### Task to carry out
Write out exactly the lines from the one containing "Primary Arms SLx" to the end of the material, both ends included, and nothing else. Leave pictures out.
━━━ Raw data
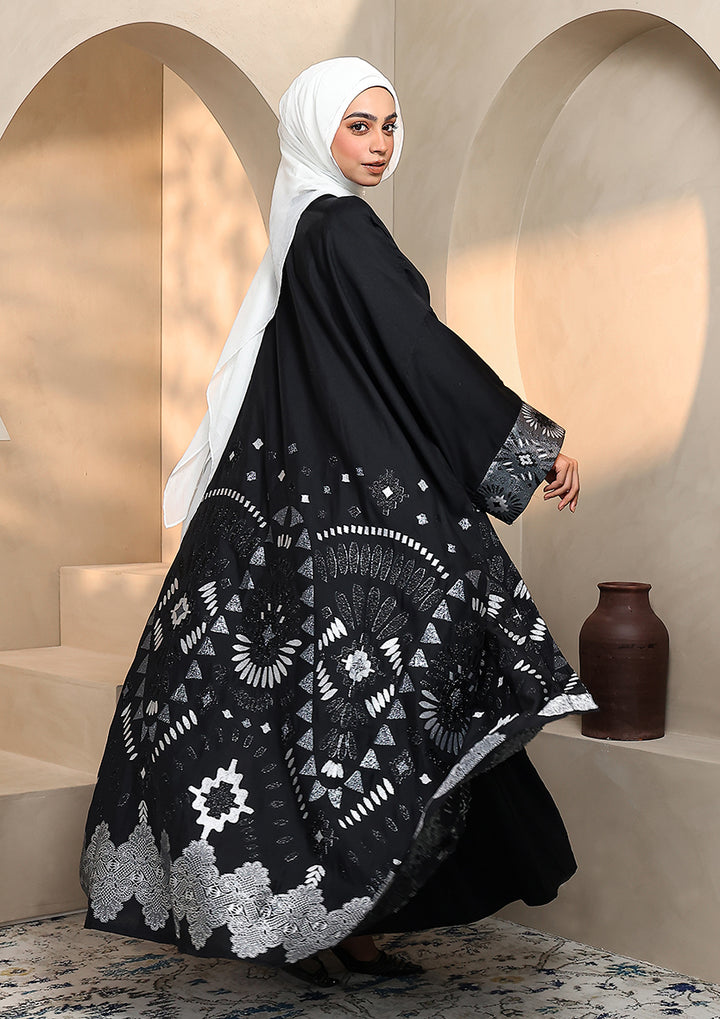 Premium Brocade Abaya - Silver Black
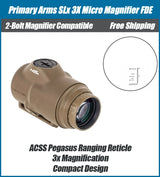 Primary Arms SLx 3X Micro Magnifier -21mm Objective Lens - ACSS Pegasus Ranging Reticle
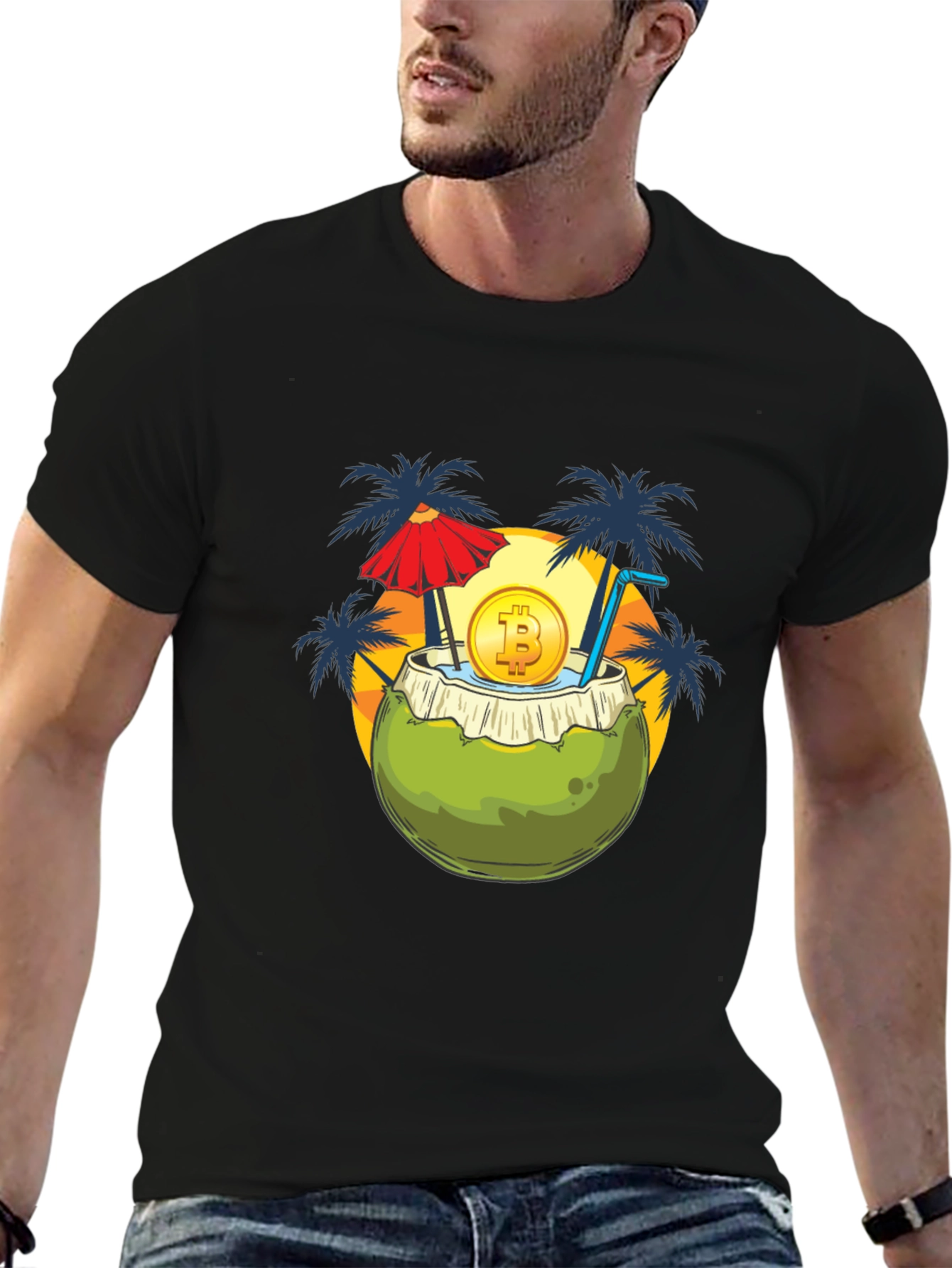Camiseta Negra con Diseño Tropical Bitcoin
━━━━━━
### Completed task
 Primary Arms SLx 3X Micro Magnifier -21mm Objective Lens - ACSS Pegasus Ranging Reticle
Camiseta Negra con Diseño Tropical Bitcoin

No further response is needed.